Yusuf bin Ismail bin Yusuf bin Ismail bin Muhammad Nâsir al-Dîn an-Nabhani (1849–1932) born in Ijzim in Palestine, was a Palestinian Sunni Islamic scholar, judge, prolific poet, and defender of the Ottoman Caliphate. He died in Beirut.

Biography
Many of Yusuf al-Nabahani's poems, books, and teachings have remained, but very little is printed about his personal life and activities. 

He worked and campaigned against the Wahhabi movement and the reformers in Cairo like Muhammad Abduh and al-Afghani who were changing Sunni Islam. He believed in the law, or Shariah in restricting all Sufi activity, being of the Shafi madhab or thought of Sunni Islam holding a similar stance to al-Ghazali in his later years on Sufism.

His father Ismail al-Nabhani taught him to memorise the Quran at a young age, taught him the sciences of Islamic jurisprudence and then sent him to begin study at the university of al-Azhar Cairo on 16 May 1866 at the age of 17. Yusuf graduated from Al-Azhar in October 1872 at the age of 23 with qualifications from the official cirriculem of al-Azhar and many other qualifications obtained from extra study under multiple Islamic scholars in many of the sciences of the Shariah and its preparatory disciplines.

After he graduated and returned home to Ijzim, he began to hold a number of religious courses in `Akka and his home town of Ijzim. He travelled frequently to Beirut, then Damascus where he met eminent Ulema or Islamic Scholars. Chief among them was the Chief Jurist of Damascus at the time, Mahmud Effendi Hamza with whom he studied the beginning of Sahih al-Bukhari, after which he gave Yusuf a general certificate Ijaza comprising the rest of the Hadith Collections.

Then he headed for Istanbul the capital of the Ottoman Caliphate twice and worked there for several years. He edited the periodical al-Jawâ'ib until it folded. He also proofread the Arabic books that came out of its press.

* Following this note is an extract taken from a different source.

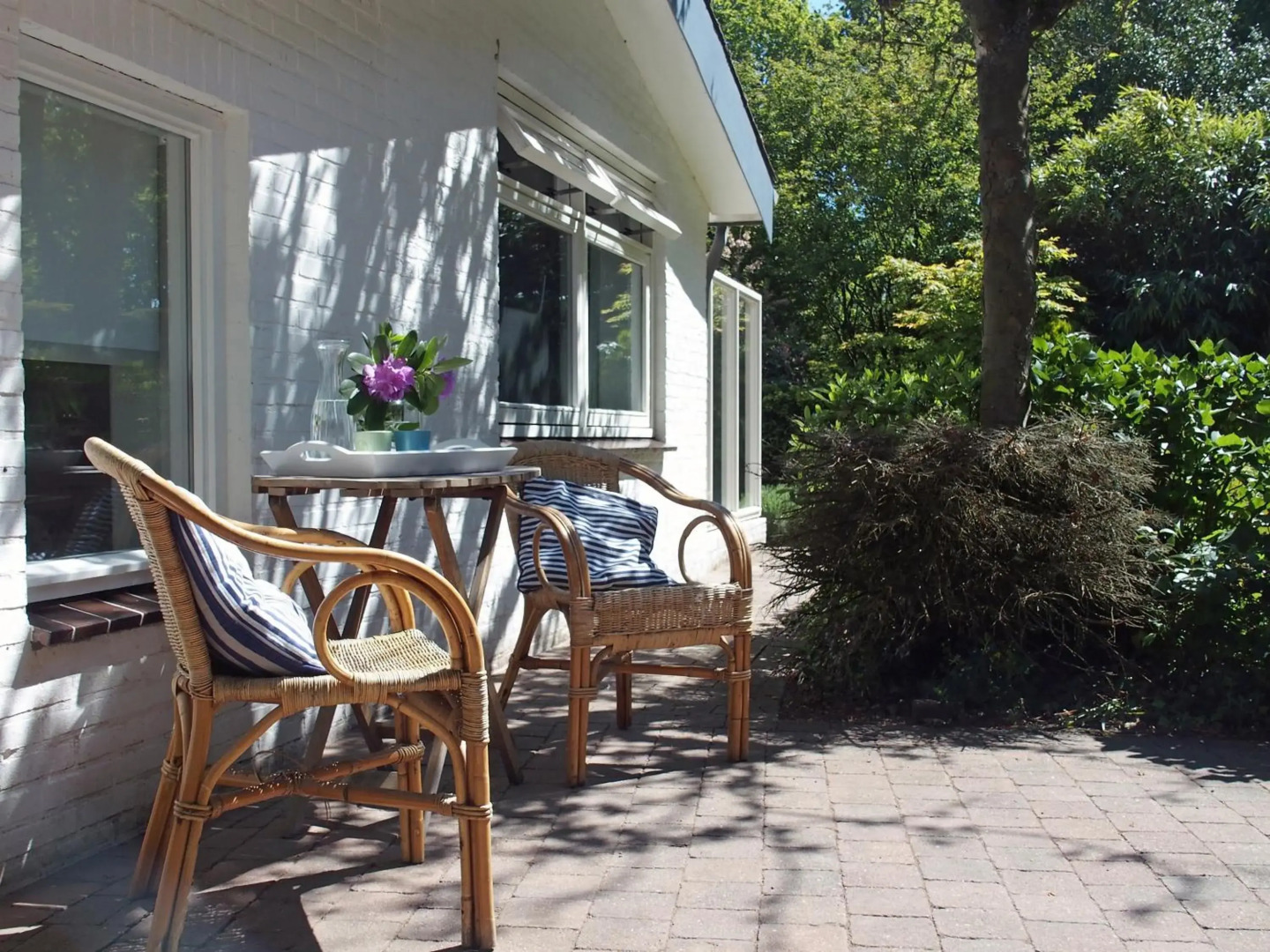 Vakantiehuis La petite Redousse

He left the publishers for a new position with the Ottoman Caliphate's government as a judge or Qadi.

He left Istanbul, the first time, for Iraq, to the province of Mosul, then returned to Istanbul. He left a second time in 1300 Hijri when he was appointed Chief Justice of the al-Jaza court in Latakia on the Syro-Palestinian sea-shore. After living there for five years the Ottoman government transferred him to be the grand Mufti, or Chief Justice of al-Quds or Jerusalem. Then he moved to be Chief Justice of Beirut in 1888, although some records point to 1887.

The son of his daughter, Taqiuddin al-Nabhani, was sent by Yusuf to Yusuf's Islamic colleagues & teachers in Cairo at the Al-Azhar university. Taqiuddin later went on to establish the Islamic political group Hizb ut-Tahrir.

His teachers

Shaykh Shams al-Dîn Muhammad al-Anbabi al-Shafi the grand Professor and Imam (chief) of al-Azhar, who died in 1313 Hijra Calendar.
Shaykh `Abd al-Rah.mân al-Sharbînî al-Shafi the Imam of al-Azhar, who died in 1326 Hijra Calendar.
Shaykh Ibrâhîm al-Saqqâ al-Shafi who died in 1298 Hijra Calendar aged around ninety years.
Shaykh al-Sayyid Muh.ammad al-Damanhûrî al-Shafi
Shaykh `Abd al-Qâdir al-Râfi`î al-Hanafi al-Tarabulsî the head professor of the Damascenes' Porch (Ruwâq al-Shawâmm) in al-Azhar, who died in 1323 Hijra Calendar.
Shaykh Yûsuf al-Barqâwî al-Hanbali the head Professor of the Hanbalîs' Porch in al-Azhar Mosque
Shaykh Ibrâhîm al-Zurrû al-Khalîlî al-Shafi who died in 1287 Hijra Calendar, aged around seventy.
Shaykh Ah.mad al-Ajhûrî al-D.arîr al-Shafi who died in 1293 Hijra Calendar, aged around sixty.
Shaykh H.asan al-`Adawî al-Maliki who died in 1298 Hijra Calendar aged around eighty.
Shaykh al-Sayyid `Abd al-Hâdî Najâ al-Abyârî who died in 1305 Hijra Calendar, aged just over seventy years.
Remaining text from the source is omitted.